Giorni fa, per l’adunanza romana dei finti nuovi, Cuperlo ha abbattuto il record di tristezza, appartenente fino a quel momento a Orfini in ciabatte, facendosi un selfie con la Boschi. Poi, quando Renzi gli ha venduto un’auto usata e pure rotta, ha finto che fosse una Porsche e ha gridato al miracolo: “L’Italicum cambierà dopo il Sì, mi fido e torno all’ovile”. Renzi è ancora lì che ride: neanche lui si sarebbe disegnato da solo dei “dissidenti” così impalpabili.
La storia di Richetti è differente. Renziano della prima ora, è poi caduto in disgrazia non per motivi politici bensì personali. Lasciando stare il gossip imperante, assai attivo tanto a Firenze quanto a Modena, Richetti aveva un difetto inaccettabile agli occhi del Mister Bean di Rignano: gli faceva ombra. Come tutti i diversamente avvenenti, e anche per questo insicuri, Renzi si circonda sempre di uomini al cui confronto Beruschi apparirebbe Jude Law. Da qui il proliferare dei Carrai, Lotti, Sensi, Faraone e Nardella. È del tutto ovvio che, se ti fai accompagnare da gente così, puoi quasi passare per figo. Per questo Richetti era pericoloso: piacente e piacione, nonché scaltro e preparato, andava isolato in ogni modo.
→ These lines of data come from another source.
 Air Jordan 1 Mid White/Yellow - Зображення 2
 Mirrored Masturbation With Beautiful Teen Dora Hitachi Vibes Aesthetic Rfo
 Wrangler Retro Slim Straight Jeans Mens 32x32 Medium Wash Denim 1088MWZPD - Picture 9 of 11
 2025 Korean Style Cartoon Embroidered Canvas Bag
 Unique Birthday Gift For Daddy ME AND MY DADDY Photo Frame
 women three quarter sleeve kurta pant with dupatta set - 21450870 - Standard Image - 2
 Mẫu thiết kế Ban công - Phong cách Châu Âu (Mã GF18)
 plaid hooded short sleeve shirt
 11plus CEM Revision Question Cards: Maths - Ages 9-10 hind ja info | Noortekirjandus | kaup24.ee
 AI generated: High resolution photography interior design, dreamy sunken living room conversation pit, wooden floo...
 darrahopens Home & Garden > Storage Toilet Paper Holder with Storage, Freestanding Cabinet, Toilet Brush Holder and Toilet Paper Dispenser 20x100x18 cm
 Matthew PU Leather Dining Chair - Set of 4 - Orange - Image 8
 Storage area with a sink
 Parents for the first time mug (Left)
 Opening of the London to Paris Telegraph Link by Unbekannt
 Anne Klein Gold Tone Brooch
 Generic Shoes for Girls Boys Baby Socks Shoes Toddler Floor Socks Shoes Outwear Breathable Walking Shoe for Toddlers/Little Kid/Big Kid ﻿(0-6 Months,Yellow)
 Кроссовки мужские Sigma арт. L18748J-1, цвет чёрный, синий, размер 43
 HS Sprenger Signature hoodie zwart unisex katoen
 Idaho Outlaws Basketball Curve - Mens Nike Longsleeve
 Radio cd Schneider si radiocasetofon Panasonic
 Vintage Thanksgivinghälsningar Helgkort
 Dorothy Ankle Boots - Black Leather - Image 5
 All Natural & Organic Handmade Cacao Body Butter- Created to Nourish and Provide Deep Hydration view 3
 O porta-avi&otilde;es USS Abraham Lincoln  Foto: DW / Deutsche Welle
Così, fino a poche settimane fa, Richetti è caduto nel dimenticatoio. Nei talk show assurgeva ad anello di congiunzione tra Civati e Renzi: non abbastanza dissidente, ma neanche pienamente renziano. Renzi lo usava come carne da macello. Richetti, da par suo, alternava riformismo e autocritica. Col sorriso sulle labbra. Poi, quando lui stesso pareva avere verso Renzi la stessa stima che ne ha Zagrebelsky, è tornato neanche un mese fa a Otto e mezzo. Parlando di referendum, è parso credibile. E lì è cambiato tutto. Per il giglio magico è stata una rivelazione sconvolgente: “Oddio, forse non sono tutti come Rondolino, Andrea Romano e la Picierno!”. In realtà, proprio durante quella puntata – a cui ha partecipato chi vi scrive – Richetti non mancò di dire qualche castroneria, tipo che le firme per le leggi di iniziativa popolare salgono “soltanto” da 50mila a 120mila (no: salgono a 150mila). Non è però da questi particolari che si giudica un propagandista. Così, sabato, Richetti è stato riammesso a corte. Addirittura alla Leopolda, dove – pur di riprendersi uno strapuntino di ribalta – si è ridotto a fare la spalla a vari comici. Che dire? Spiace. Ma mica per noi: per loro. È un peccato che si vogliano così male.